┌──

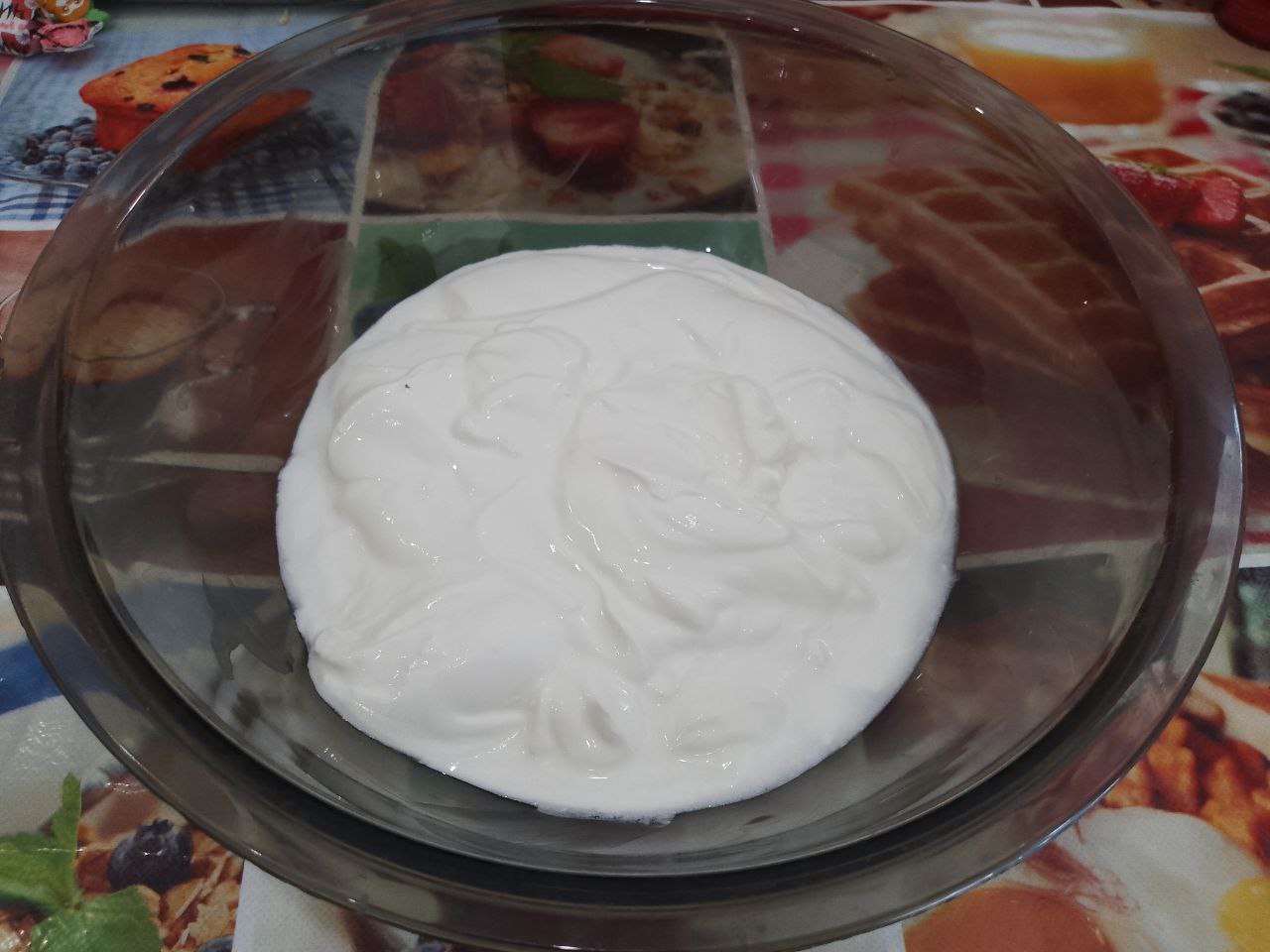 Клубничное желе из ягод клубники и сметаны, нежное и вкусное: Сметану я использовала половину 20 % жирности и половину 15 % жирности, в следующий раз буду использовать все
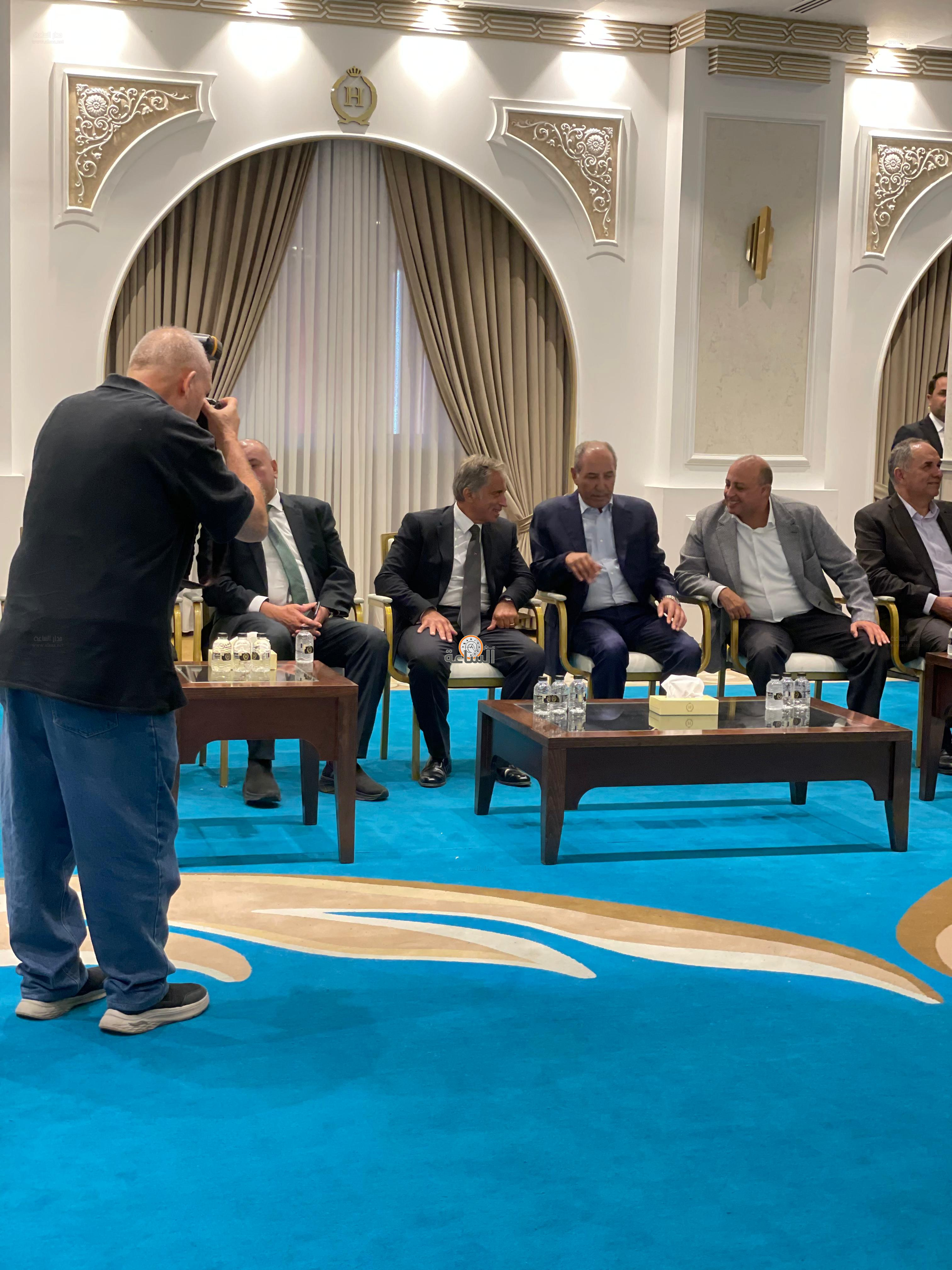 Madar Al-Saa Images 0.3813487664705558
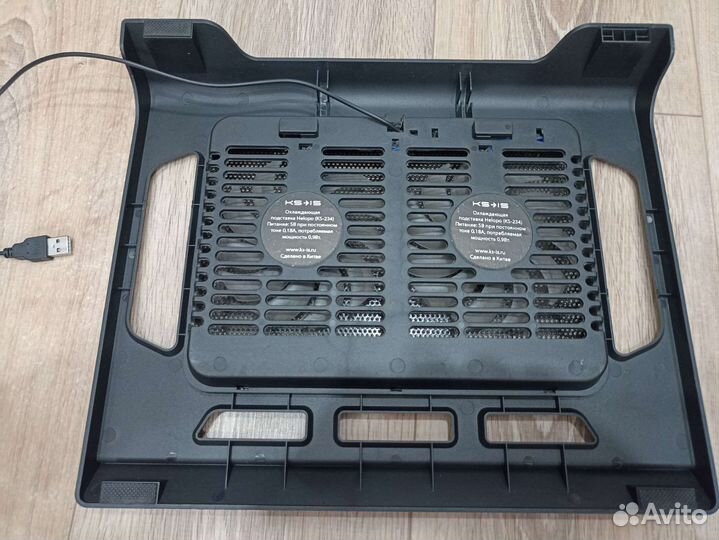 Охлаждающая подставка для ноутбука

└──

WORK INSTRUCTIONS:
Give the data above back unchanged, except for the pictures.

WRITTEN RESPONSE:
 Клубничное желе из ягод клубники и сметаны, нежное и вкусное: Сметану я использовала половину 20 % жирности и половину 15 % жирности, в следующий раз буду использовать все
 Madar Al-Saa Images 0.3813487664705558
 Охлаждающая подставка для ноутбука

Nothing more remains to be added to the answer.